(DATA SHOWN)
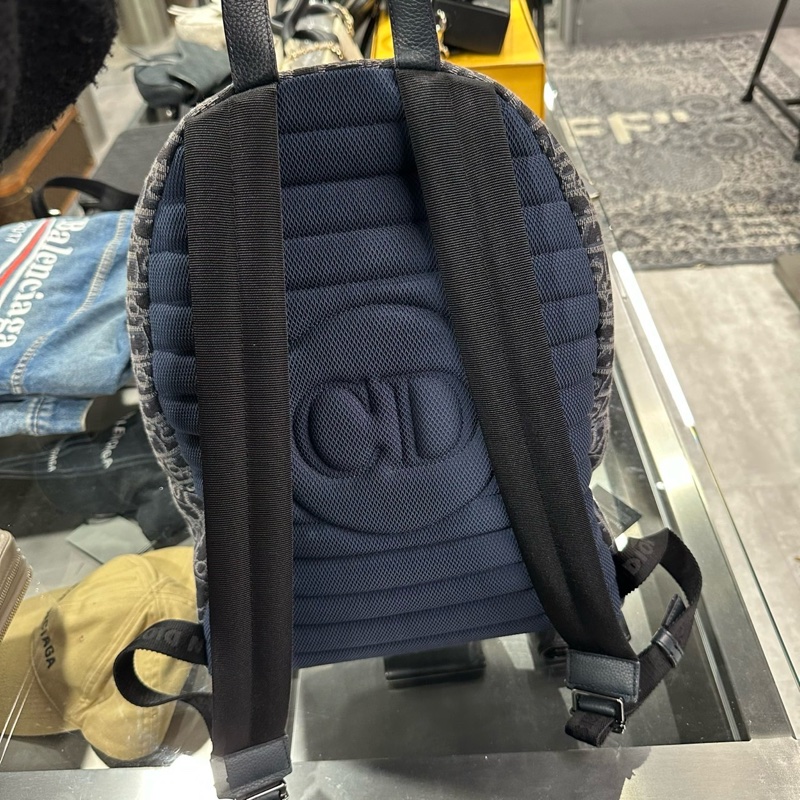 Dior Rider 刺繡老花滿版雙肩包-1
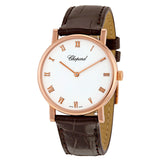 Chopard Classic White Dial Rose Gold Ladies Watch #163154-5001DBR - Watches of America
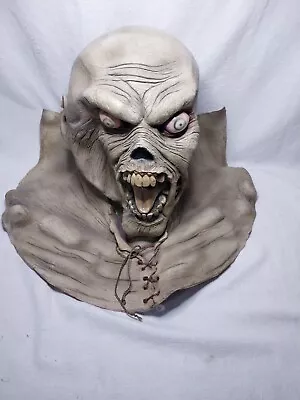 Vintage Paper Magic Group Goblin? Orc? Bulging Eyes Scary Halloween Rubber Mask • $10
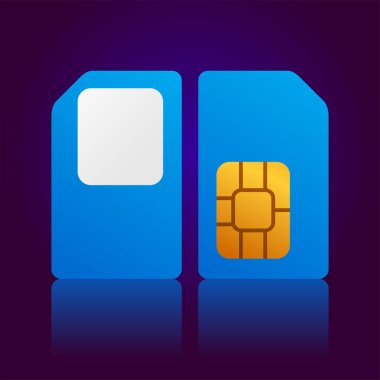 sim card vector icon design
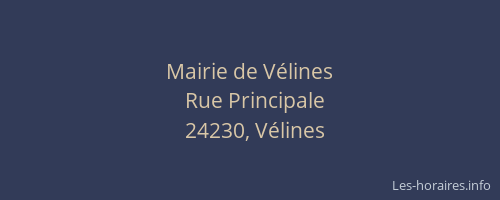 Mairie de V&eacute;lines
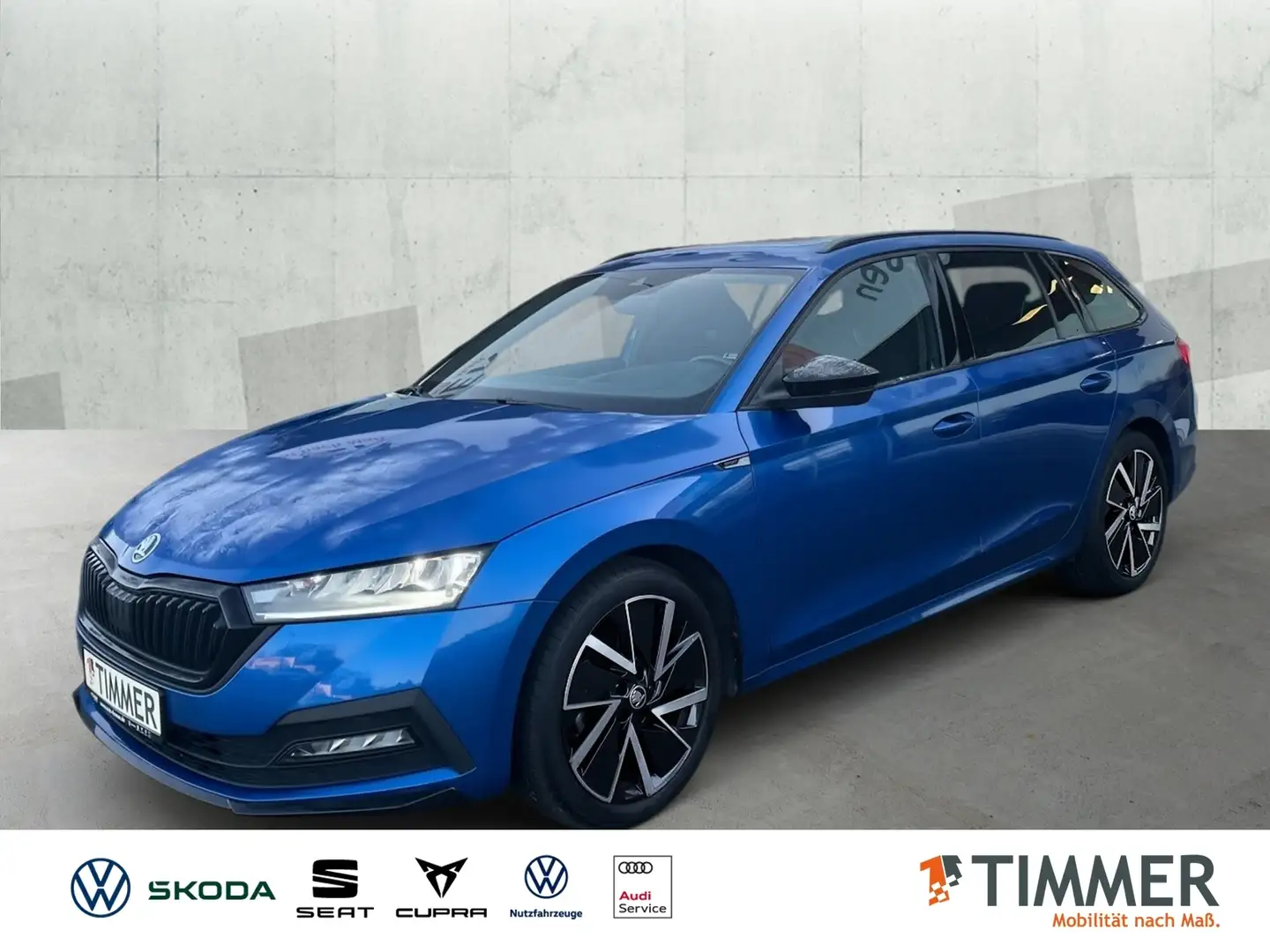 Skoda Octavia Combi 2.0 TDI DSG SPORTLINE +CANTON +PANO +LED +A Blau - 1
---
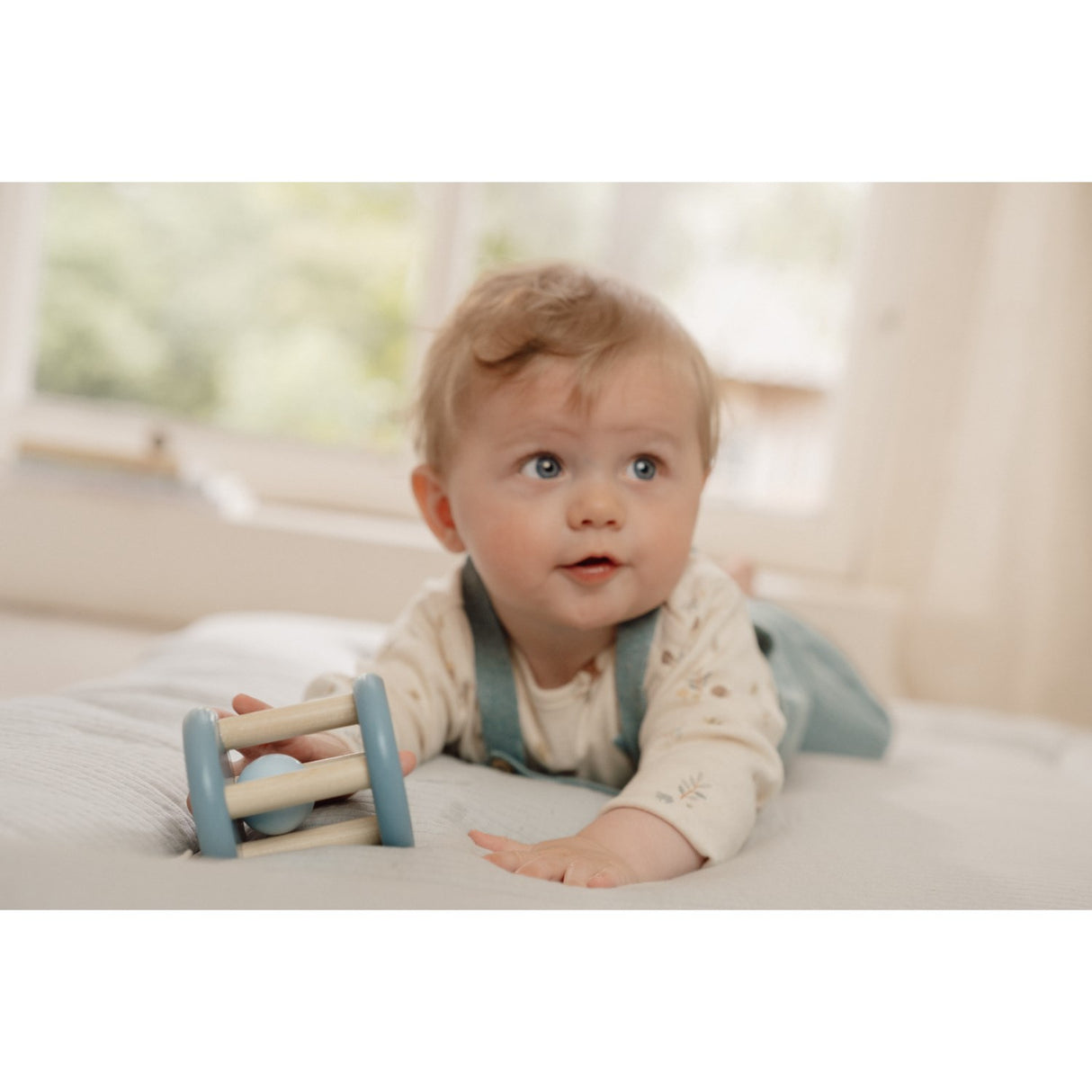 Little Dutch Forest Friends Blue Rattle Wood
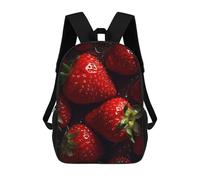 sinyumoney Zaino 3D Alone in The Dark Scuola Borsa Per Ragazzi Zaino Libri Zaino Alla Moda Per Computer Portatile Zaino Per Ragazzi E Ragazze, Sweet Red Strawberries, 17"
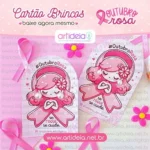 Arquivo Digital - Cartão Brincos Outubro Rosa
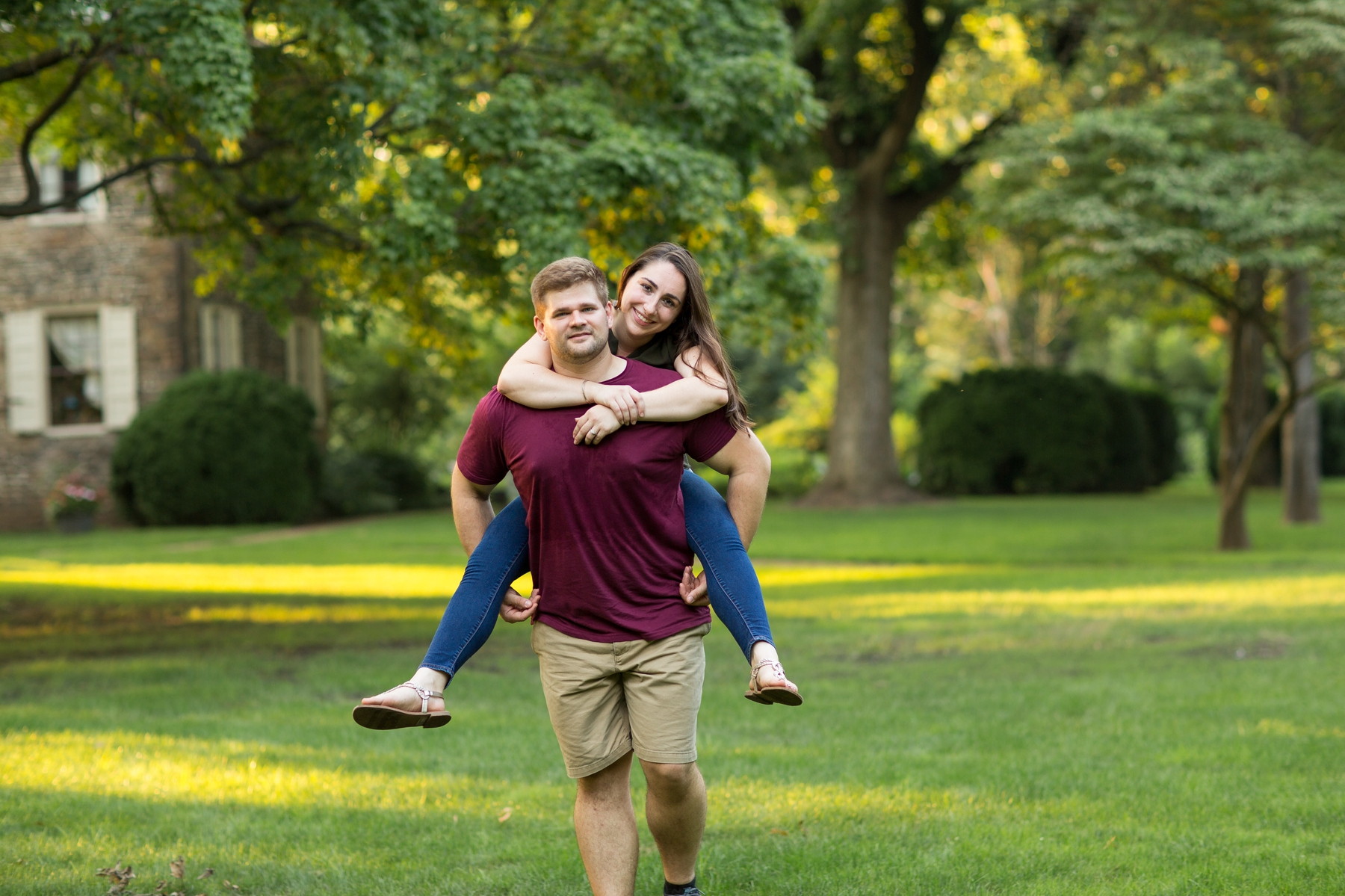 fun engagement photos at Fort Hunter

(EXERCISE REQUIREMENTS) For this exercise, transcribe exactly the part of the records above that opens with the line containing "sinyumoney Zaino 3D" and closes with the one containing "fun engagement photos at Fort Hunter". Pictures are not part of the copy.

(ANSWER TO THE PROBLEM)
 sinyumoney Zaino 3D Alone in The Dark Scuola Borsa Per Ragazzi Zaino Libri Zaino Alla Moda Per Computer Portatile Zaino Per Ragazzi E Ragazze, Sweet Red Strawberries, 17"
 Arquivo Digital - Cartão Brincos Outubro Rosa
 fun engagement photos at Fort Hunter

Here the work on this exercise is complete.